(Beginning of Data records)

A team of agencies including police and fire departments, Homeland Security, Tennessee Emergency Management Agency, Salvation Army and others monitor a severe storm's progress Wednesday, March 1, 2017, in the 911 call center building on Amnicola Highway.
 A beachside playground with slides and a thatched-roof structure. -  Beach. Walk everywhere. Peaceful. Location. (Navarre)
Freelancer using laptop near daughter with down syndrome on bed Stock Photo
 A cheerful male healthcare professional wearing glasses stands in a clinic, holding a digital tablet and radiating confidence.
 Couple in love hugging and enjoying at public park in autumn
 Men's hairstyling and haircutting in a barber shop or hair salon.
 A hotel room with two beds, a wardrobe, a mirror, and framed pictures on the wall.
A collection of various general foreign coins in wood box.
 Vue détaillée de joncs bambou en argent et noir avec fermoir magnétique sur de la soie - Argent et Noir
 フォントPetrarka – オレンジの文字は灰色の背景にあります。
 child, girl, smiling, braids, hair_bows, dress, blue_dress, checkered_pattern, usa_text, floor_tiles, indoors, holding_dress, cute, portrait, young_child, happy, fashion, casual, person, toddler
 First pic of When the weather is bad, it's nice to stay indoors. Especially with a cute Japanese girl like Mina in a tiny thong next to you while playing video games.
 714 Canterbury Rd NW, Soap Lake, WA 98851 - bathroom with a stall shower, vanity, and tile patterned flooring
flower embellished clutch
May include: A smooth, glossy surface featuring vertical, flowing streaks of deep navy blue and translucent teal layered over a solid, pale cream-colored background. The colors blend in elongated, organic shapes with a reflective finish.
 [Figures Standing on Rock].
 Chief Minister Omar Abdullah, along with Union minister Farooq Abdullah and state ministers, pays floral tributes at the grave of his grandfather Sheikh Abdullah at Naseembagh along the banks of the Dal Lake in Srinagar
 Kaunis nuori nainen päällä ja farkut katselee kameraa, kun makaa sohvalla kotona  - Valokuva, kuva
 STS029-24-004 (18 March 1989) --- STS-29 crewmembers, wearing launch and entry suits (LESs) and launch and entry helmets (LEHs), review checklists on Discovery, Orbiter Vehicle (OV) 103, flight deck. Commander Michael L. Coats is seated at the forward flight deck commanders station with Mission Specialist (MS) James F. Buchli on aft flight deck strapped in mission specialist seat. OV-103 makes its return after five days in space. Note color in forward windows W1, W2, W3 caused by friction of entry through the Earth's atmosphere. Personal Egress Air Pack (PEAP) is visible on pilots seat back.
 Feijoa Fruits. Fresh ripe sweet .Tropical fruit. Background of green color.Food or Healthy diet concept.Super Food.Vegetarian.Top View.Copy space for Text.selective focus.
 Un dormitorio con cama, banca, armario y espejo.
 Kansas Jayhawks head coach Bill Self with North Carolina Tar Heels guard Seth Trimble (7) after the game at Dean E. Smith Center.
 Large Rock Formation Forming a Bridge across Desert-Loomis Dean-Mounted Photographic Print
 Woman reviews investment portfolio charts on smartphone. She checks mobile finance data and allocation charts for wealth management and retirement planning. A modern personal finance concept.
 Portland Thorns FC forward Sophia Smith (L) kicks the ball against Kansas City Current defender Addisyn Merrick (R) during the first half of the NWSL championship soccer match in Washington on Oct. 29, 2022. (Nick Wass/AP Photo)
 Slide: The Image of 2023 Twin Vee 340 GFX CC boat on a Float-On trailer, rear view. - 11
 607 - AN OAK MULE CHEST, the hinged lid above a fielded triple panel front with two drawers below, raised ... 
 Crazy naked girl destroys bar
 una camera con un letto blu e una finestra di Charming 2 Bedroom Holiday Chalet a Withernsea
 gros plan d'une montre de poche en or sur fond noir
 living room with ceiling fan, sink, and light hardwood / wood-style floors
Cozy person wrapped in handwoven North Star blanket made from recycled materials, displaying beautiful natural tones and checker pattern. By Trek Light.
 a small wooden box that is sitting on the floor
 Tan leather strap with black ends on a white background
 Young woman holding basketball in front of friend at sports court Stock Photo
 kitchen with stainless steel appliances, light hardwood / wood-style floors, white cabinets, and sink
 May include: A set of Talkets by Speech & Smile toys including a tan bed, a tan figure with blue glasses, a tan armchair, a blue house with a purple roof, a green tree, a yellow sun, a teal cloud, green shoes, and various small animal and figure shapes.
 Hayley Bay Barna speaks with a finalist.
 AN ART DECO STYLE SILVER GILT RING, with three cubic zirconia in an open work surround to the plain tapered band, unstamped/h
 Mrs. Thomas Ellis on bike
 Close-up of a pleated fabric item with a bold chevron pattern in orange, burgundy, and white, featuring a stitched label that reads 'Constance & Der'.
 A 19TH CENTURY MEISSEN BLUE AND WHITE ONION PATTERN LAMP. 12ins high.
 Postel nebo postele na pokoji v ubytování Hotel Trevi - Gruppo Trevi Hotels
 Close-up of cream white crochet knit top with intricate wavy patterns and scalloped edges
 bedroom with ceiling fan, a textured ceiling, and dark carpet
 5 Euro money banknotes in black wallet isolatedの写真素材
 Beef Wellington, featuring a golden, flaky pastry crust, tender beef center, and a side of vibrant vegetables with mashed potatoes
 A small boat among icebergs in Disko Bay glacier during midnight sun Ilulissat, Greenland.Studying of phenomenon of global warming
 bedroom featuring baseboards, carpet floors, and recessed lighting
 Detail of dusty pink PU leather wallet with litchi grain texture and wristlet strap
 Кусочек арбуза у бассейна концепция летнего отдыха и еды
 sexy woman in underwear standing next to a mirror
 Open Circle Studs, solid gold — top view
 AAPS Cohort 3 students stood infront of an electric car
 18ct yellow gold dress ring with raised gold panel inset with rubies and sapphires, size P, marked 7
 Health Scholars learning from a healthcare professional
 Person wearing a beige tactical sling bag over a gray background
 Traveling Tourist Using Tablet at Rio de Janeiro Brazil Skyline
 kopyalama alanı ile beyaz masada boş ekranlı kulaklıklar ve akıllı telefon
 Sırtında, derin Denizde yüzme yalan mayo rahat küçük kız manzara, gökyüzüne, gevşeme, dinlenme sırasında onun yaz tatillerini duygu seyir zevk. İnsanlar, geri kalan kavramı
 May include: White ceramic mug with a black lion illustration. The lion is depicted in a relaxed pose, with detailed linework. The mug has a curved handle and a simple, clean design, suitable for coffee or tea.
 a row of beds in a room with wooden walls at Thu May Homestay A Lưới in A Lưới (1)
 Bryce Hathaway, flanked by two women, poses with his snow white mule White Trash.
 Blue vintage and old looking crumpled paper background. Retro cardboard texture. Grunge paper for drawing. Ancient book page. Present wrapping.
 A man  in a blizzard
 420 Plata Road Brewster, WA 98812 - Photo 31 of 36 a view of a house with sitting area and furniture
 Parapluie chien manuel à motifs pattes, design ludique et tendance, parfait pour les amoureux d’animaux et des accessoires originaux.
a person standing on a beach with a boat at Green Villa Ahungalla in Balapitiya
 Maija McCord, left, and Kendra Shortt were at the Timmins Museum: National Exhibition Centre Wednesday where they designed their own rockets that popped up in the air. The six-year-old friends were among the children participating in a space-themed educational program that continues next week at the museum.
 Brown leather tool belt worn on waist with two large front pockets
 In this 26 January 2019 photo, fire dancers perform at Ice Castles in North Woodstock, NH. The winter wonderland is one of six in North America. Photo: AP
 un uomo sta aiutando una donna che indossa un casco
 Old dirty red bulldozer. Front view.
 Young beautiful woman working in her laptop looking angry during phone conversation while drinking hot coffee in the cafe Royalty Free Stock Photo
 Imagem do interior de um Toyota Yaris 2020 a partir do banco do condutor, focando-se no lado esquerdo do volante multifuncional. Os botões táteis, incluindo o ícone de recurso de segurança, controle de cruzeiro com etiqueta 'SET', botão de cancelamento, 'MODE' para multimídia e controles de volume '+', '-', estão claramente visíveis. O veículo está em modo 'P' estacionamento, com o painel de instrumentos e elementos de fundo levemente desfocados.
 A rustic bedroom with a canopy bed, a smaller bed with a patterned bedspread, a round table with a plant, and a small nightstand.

(End of Data records)

- _Your objective_
Everything from the line with "Freelancer using laptop" through the line with "Kaunis nuori nainen" should be written out exactly as it appears above, end lines included, and nothing outside that range.

- _Final answer_
Freelancer using laptop near daughter with down syndrome on bed Stock Photo
 A cheerful male healthcare professional wearing glasses stands in a clinic, holding a digital tablet and radiating confidence.
 Couple in love hugging and enjoying at public park in autumn
 Men's hairstyling and haircutting in a barber shop or hair salon.
 A hotel room with two beds, a wardrobe, a mirror, and framed pictures on the wall.
A collection of various general foreign coins in wood box.
 Vue détaillée de joncs bambou en argent et noir avec fermoir magnétique sur de la soie - Argent et Noir
 フォントPetrarka – オレンジの文字は灰色の背景にあります。
 child, girl, smiling, braids, hair_bows, dress, blue_dress, checkered_pattern, usa_text, floor_tiles, indoors, holding_dress, cute, portrait, young_child, happy, fashion, casual, person, toddler
 First pic of When the weather is bad, it's nice to stay indoors. Especially with a cute Japanese girl like Mina in a tiny thong next to you while playing video games.
 714 Canterbury Rd NW, Soap Lake, WA 98851 - bathroom with a stall shower, vanity, and tile patterned flooring
flower embellished clutch
May include: A smooth, glossy surface featuring vertical, flowing streaks of deep navy blue and translucent teal layered over a solid, pale cream-colored background. The colors blend in elongated, organic shapes with a reflective finish.
 [Figures Standing on Rock].
 Chief Minister Omar Abdullah, along with Union minister Farooq Abdullah and state ministers, pays floral tributes at the grave of his grandfather Sheikh Abdullah at Naseembagh along the banks of the Dal Lake in Srinagar
 Kaunis nuori nainen päällä ja farkut katselee kameraa, kun makaa sohvalla kotona  - Valokuva, kuva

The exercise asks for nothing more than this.